French saint (died c. 520)

Mesmin (Maximin, Maximinus) (died c. 520 AD) is a French saint associated with the Bishopric of Orléans. He was the second abbot of Micy Abbey, founded by his uncle, Euspicius.

==Life==
Mesmin was the nephew of Euspicius, archpriest of Verdun. When the city was under siege, Euspicius went to Clovis I and asked clemency for the rebels. The king was so impressed, he took an interest in Euspicius and Mesmin's activities. In 508, Euspicius was looking for a place of retreat and found an unoccupied royal villa called Micy near Orléans, at the confluence of the Loire and Loiret rivers.
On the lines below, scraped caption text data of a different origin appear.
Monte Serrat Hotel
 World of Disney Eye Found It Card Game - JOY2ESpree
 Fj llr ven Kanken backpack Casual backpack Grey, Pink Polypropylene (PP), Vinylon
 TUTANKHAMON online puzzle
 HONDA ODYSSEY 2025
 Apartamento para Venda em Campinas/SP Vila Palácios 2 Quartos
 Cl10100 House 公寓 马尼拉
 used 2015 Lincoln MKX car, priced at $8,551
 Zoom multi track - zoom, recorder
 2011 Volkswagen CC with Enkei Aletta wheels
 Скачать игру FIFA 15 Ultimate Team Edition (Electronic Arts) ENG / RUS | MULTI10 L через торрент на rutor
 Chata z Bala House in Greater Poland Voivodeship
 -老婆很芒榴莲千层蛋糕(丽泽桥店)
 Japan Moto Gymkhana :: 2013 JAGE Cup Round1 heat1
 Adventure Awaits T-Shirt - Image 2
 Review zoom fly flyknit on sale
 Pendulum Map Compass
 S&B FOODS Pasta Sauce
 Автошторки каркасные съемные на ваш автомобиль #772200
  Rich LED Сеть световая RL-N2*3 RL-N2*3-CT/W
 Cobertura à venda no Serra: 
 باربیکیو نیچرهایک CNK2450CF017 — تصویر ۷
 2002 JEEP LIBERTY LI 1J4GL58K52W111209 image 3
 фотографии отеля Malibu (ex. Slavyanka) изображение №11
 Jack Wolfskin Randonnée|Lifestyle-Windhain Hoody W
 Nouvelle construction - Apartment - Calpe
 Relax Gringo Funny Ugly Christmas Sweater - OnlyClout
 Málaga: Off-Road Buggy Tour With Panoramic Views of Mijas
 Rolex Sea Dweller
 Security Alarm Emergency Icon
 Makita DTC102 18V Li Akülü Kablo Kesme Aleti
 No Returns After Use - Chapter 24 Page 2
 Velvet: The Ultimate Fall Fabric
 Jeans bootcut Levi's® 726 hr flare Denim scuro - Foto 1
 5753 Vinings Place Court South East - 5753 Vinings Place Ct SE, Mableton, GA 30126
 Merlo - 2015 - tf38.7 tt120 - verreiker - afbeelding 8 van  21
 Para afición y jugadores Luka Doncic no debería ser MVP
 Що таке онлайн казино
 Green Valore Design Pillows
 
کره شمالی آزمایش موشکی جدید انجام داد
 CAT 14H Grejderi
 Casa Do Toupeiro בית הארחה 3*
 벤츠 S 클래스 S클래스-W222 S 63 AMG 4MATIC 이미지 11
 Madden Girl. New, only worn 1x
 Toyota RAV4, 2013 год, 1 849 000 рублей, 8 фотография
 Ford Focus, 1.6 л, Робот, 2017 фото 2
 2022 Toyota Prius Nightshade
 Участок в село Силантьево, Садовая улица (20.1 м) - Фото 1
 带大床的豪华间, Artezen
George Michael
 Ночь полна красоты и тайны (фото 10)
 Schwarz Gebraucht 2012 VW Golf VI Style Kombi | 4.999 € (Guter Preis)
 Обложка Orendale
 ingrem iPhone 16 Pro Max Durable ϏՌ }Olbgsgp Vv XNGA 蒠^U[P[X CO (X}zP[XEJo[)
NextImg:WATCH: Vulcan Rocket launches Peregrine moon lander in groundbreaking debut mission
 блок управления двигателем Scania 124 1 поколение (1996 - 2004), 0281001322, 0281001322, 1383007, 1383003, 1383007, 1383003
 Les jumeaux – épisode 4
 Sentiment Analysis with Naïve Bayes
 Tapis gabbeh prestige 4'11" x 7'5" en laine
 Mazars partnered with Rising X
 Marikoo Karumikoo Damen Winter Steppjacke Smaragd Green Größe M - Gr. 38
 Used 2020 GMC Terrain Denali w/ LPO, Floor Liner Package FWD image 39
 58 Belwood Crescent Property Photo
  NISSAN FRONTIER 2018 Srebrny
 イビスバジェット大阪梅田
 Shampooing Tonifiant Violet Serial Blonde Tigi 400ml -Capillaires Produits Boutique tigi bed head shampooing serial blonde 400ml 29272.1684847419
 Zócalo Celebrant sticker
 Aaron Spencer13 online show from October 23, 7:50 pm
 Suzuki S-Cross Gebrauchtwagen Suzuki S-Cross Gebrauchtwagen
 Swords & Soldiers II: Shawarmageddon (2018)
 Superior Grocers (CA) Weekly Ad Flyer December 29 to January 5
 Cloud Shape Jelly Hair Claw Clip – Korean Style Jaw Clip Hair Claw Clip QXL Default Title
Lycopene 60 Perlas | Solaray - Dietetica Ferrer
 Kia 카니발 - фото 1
He received the domain of Micy from Clovis in order to establish a monastery there.

Euspicius became the first abbot of Micy Abbey. Upon his death in 510, Mesmin became abbot.
During his tenure the religious life there flourished notably. The rule followed was that of the Eastern hermits observed by the followers of St. Anthony and St. Basil. These rules had been brought to the West by John Cassian and Martin of Tours. The monks of Micy contributed much to the civilization of the Orléans region; they cleared and drained the lands and taught the semi-barbarous inhabitants the worth and dignity of agricultural work. From Micy Abbey, monastic life spread within and around the diocese of Orleans. Saint Lié, who later became a hermit in the forest of Orléans, was a monk under Mesmin; as was Leonard of Noblac.

==Dragon cave of Béraire==
Across the river from the abbey, on the north shore of the Loire was a Gallo-Roman villa on a cliff overlooking the river. It was called the Villa Berarii after Berarius, its one time owner; and the nearby village was called Béraire. Below the cliff was a natural cave where Mesmin would often go for solitude and prayer. The cave is near a towpath that was part of the Via Turonensis, a route from Paris to Compostela.

Local legend says he fought a dragon there (Grotte du dragon de Béraire). This legend can be compared to Druidic ceremonies which persisted at the beginning of the Christian era.

Mesmin died on December 15, 520 and was buried in the cave of the dragon of Béraire. Around 550, a church was erected above the tomb of Saint Mesmin on the site of the old villa. The cave became a place of pilgrimage until the arrival of the Normans. Béraire became known as La Chapelle-Saint-Mesmin. Around 675, his relics were transferred to an oratory at Orléans. In 1493, the reliquary of Saint-Mesmin was entrusted to the abbey of Saint-Mesmin de Micy. Part of the relics of Saint Mesmin were destroyed by Huguenots in 1562; the rest are kept in the church of Saint-Mesmin in La Chapelle-Saint-Mesmin.

==Sainte Mesme==
According to her legend, Mesme was the daughter of the Frankish king Dordanus, and the sister of Saint Mesmin. One of the servants of the house of Dordanus introduced her to the Christian religion without her relatives knowing it. Furious to learn that his daughter was denying the pagan gods, he asked his son Mesmin to cut off his sister's head to save the honor of the family. Saint Mesmin buried the head of his sister and a miraculous spring gushed forth, which cured fevers. There is a fountain commemorating this story
in the village of Sainte-Mesme near Dourdan.

This Mesme is not to be confused with Saint Mesme (Mexme), a disciple of Martin of Tours, and founding abbot of the Abbey of Chinon who died of old age.